### [What the exercise asks]
Exactly repeat all the records below, omitting the images they hold.
Top of Dataset entries
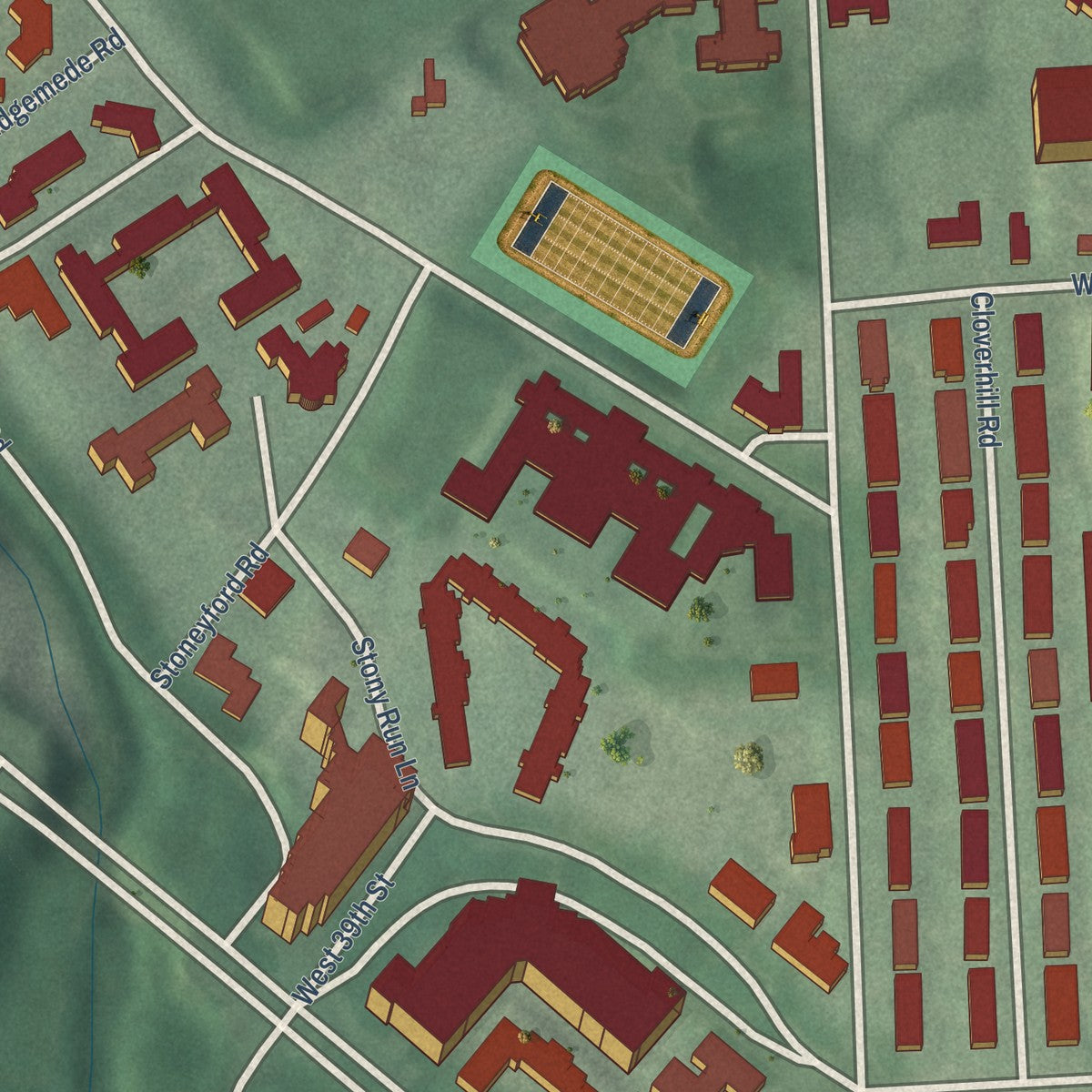 Close-up of the map of Tuscany-Canterbury, Maryland print showing street and building detail
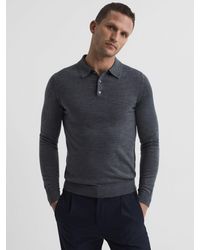 Reiss - Trafford Knitted Wool Long Sleeve Polo Top - Lyst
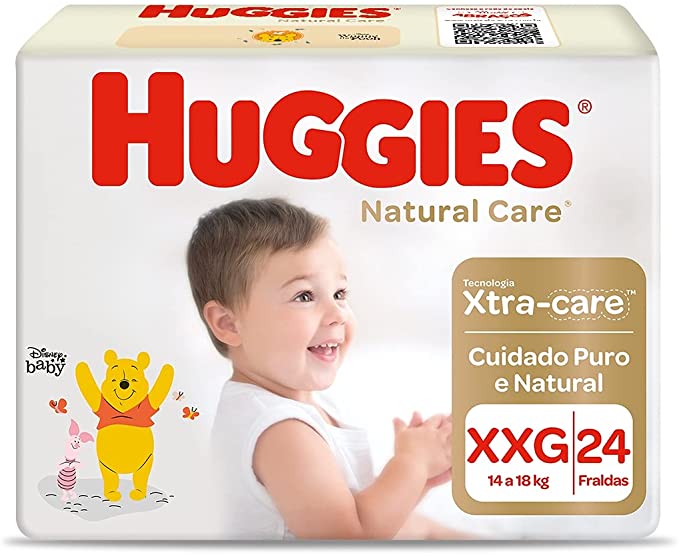 Fralda Huggies NATURAL CARE XXG 24 unidades na Amazon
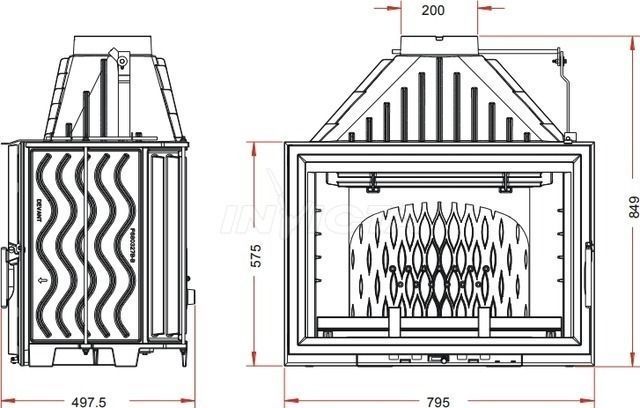 Камінна топка Invicta 800 Grande Vision з шибером (ref. 9281-75) 8826 фото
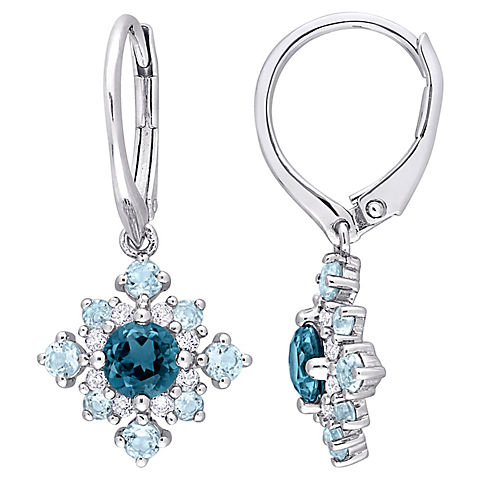 2.62 ct. t.g.w Blue and White Topaz Cluster Drop Earrings in Sterling Silver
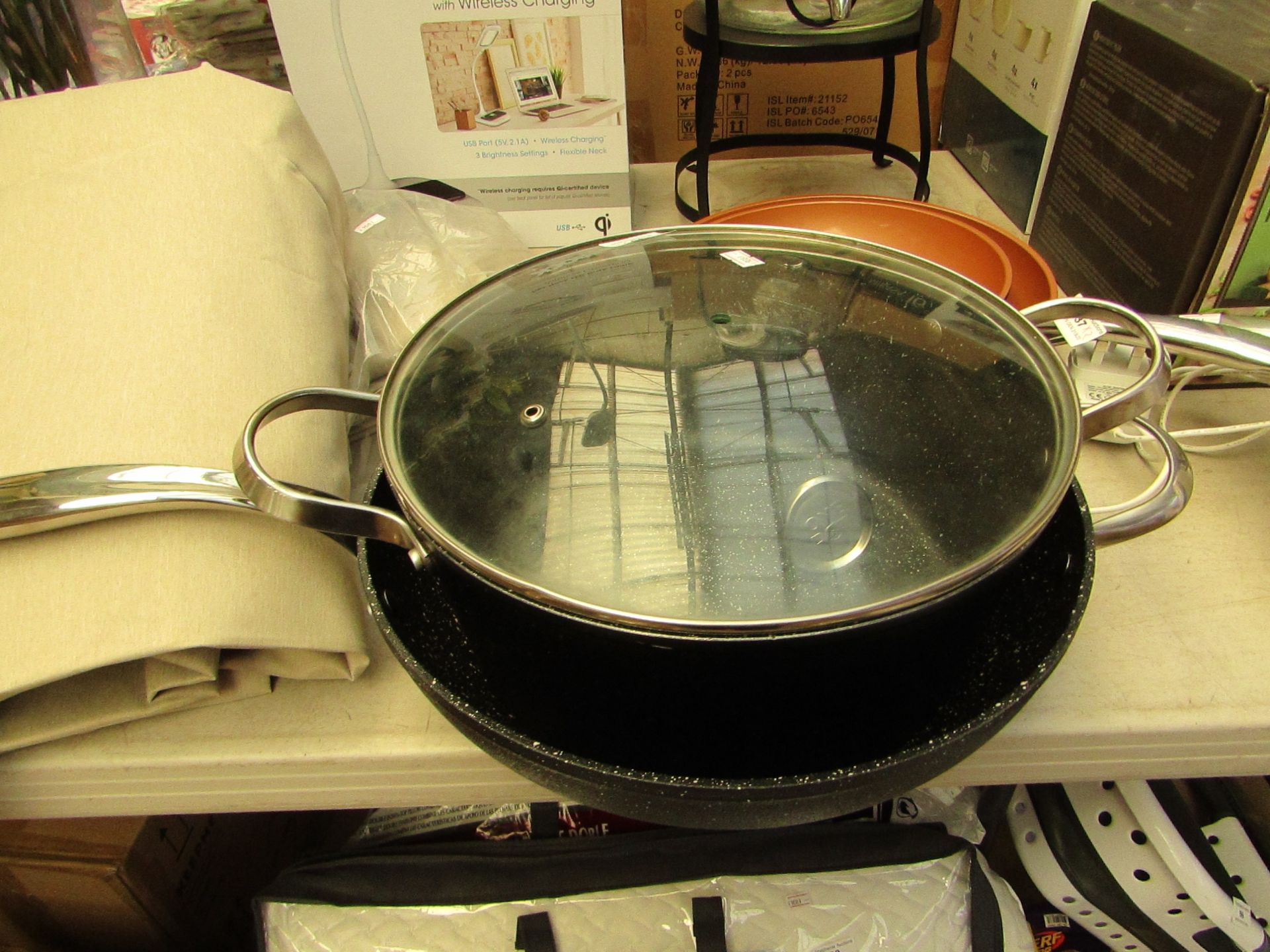 2 x The Rock pans. 1 being a Stock Pot (lid needs attention) & a Wok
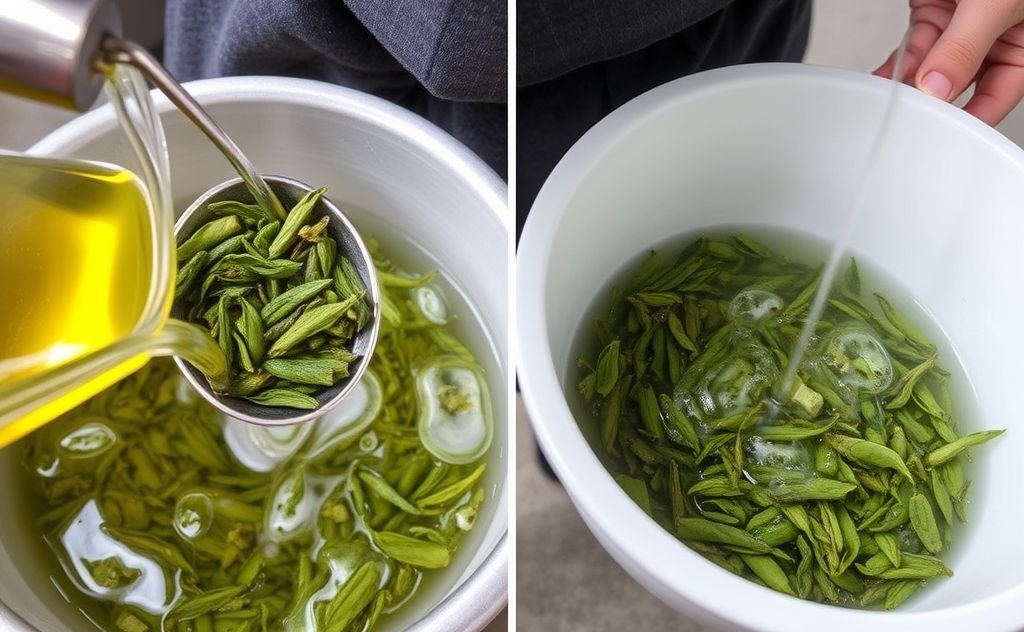 Washing tea leaves before brewing process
Bottom of Dataset entries
### [Result for this exercise]
 Close-up of the map of Tuscany-Canterbury, Maryland print showing street and building detail
 Reiss - Trafford Knitted Wool Long Sleeve Polo Top - Lyst
 Fralda Huggies NATURAL CARE XXG 24 unidades na Amazon
 Камінна топка Invicta 800 Grande Vision з шибером (ref. 9281-75) 8826 фото
 2.62 ct. t.g.w Blue and White Topaz Cluster Drop Earrings in Sterling Silver
 2 x The Rock pans. 1 being a Stock Pot (lid needs attention) & a Wok
 Washing tea leaves before brewing process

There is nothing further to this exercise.